▶ _What the task requires_
Only an exact copy of the records below will serve as the answer.

▶ _Record excerpts_
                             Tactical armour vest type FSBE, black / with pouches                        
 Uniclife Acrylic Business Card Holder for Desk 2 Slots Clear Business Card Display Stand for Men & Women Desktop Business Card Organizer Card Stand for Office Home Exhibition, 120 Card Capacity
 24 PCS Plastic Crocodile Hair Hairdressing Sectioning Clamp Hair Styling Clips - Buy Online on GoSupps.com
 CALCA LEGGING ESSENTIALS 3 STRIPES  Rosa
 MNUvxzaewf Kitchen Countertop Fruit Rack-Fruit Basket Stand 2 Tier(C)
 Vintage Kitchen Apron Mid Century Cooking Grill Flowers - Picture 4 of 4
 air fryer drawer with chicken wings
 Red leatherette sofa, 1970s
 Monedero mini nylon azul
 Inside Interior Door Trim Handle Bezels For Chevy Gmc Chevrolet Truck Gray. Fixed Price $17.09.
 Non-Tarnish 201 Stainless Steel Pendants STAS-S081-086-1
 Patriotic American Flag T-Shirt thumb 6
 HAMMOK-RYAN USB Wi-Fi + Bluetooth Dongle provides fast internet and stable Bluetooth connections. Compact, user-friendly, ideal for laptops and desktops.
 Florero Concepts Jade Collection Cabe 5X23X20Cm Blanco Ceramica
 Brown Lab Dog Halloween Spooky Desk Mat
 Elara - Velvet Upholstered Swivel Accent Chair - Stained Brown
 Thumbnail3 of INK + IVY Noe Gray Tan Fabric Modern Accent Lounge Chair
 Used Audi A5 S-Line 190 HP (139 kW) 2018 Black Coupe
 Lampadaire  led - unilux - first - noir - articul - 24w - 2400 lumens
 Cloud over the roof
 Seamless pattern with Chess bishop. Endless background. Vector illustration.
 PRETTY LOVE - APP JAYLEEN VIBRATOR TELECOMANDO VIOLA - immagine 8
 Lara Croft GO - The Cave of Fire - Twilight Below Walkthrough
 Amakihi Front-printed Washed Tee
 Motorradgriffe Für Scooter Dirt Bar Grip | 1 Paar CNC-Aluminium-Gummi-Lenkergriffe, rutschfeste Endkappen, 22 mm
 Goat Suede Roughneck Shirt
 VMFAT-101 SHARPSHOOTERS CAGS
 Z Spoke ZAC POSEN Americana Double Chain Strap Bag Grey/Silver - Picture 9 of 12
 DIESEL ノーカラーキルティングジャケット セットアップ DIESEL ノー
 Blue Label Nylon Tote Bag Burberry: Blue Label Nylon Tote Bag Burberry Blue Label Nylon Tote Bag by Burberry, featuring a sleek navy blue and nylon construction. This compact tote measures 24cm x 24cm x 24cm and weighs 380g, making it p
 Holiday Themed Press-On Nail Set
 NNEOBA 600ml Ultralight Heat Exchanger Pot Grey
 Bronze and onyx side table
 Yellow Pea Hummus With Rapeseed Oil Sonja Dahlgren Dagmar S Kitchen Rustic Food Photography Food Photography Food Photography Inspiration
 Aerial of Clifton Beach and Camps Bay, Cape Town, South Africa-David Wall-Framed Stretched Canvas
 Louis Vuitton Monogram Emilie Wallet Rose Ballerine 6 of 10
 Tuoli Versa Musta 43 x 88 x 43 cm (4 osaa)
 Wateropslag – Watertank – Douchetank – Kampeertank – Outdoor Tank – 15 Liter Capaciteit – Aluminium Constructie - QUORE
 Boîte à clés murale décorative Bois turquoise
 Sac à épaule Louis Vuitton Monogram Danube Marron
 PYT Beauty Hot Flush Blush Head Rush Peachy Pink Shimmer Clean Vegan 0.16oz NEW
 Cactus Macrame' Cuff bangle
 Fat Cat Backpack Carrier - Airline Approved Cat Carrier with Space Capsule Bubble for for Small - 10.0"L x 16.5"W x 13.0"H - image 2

▶ _Solution to this task_
                             Tactical armour vest type FSBE, black / with pouches                        
 Uniclife Acrylic Business Card Holder for Desk 2 Slots Clear Business Card Display Stand for Men & Women Desktop Business Card Organizer Card Stand for Office Home Exhibition, 120 Card Capacity
 24 PCS Plastic Crocodile Hair Hairdressing Sectioning Clamp Hair Styling Clips - Buy Online on GoSupps.com
 CALCA LEGGING ESSENTIALS 3 STRIPES  Rosa
 MNUvxzaewf Kitchen Countertop Fruit Rack-Fruit Basket Stand 2 Tier(C)
 Vintage Kitchen Apron Mid Century Cooking Grill Flowers - Picture 4 of 4
 air fryer drawer with chicken wings
 Red leatherette sofa, 1970s
 Monedero mini nylon azul
 Inside Interior Door Trim Handle Bezels For Chevy Gmc Chevrolet Truck Gray. Fixed Price $17.09.
 Non-Tarnish 201 Stainless Steel Pendants STAS-S081-086-1
 Patriotic American Flag T-Shirt thumb 6
 HAMMOK-RYAN USB Wi-Fi + Bluetooth Dongle provides fast internet and stable Bluetooth connections. Compact, user-friendly, ideal for laptops and desktops.
 Florero Concepts Jade Collection Cabe 5X23X20Cm Blanco Ceramica
 Brown Lab Dog Halloween Spooky Desk Mat
 Elara - Velvet Upholstered Swivel Accent Chair - Stained Brown
 Thumbnail3 of INK + IVY Noe Gray Tan Fabric Modern Accent Lounge Chair
 Used Audi A5 S-Line 190 HP (139 kW) 2018 Black Coupe
 Lampadaire  led - unilux - first - noir - articul - 24w - 2400 lumens
 Cloud over the roof
 Seamless pattern with Chess bishop. Endless background. Vector illustration.
 PRETTY LOVE - APP JAYLEEN VIBRATOR TELECOMANDO VIOLA - immagine 8
 Lara Croft GO - The Cave of Fire - Twilight Below Walkthrough
 Amakihi Front-printed Washed Tee
 Motorradgriffe Für Scooter Dirt Bar Grip | 1 Paar CNC-Aluminium-Gummi-Lenkergriffe, rutschfeste Endkappen, 22 mm
 Goat Suede Roughneck Shirt
 VMFAT-101 SHARPSHOOTERS CAGS
 Z Spoke ZAC POSEN Americana Double Chain Strap Bag Grey/Silver - Picture 9 of 12
 DIESEL ノーカラーキルティングジャケット セットアップ DIESEL ノー
 Blue Label Nylon Tote Bag Burberry: Blue Label Nylon Tote Bag Burberry Blue Label Nylon Tote Bag by Burberry, featuring a sleek navy blue and nylon construction. This compact tote measures 24cm x 24cm x 24cm and weighs 380g, making it p
 Holiday Themed Press-On Nail Set
 NNEOBA 600ml Ultralight Heat Exchanger Pot Grey
 Bronze and onyx side table
 Yellow Pea Hummus With Rapeseed Oil Sonja Dahlgren Dagmar S Kitchen Rustic Food Photography Food Photography Food Photography Inspiration
 Aerial of Clifton Beach and Camps Bay, Cape Town, South Africa-David Wall-Framed Stretched Canvas
 Louis Vuitton Monogram Emilie Wallet Rose Ballerine 6 of 10
 Tuoli Versa Musta 43 x 88 x 43 cm (4 osaa)
 Wateropslag – Watertank – Douchetank – Kampeertank – Outdoor Tank – 15 Liter Capaciteit – Aluminium Constructie - QUORE
 Boîte à clés murale décorative Bois turquoise
 Sac à épaule Louis Vuitton Monogram Danube Marron
 PYT Beauty Hot Flush Blush Head Rush Peachy Pink Shimmer Clean Vegan 0.16oz NEW
 Cactus Macrame' Cuff bangle
 Fat Cat Backpack Carrier - Airline Approved Cat Carrier with Space Capsule Bubble for for Small - 10.0"L x 16.5"W x 13.0"H - image 2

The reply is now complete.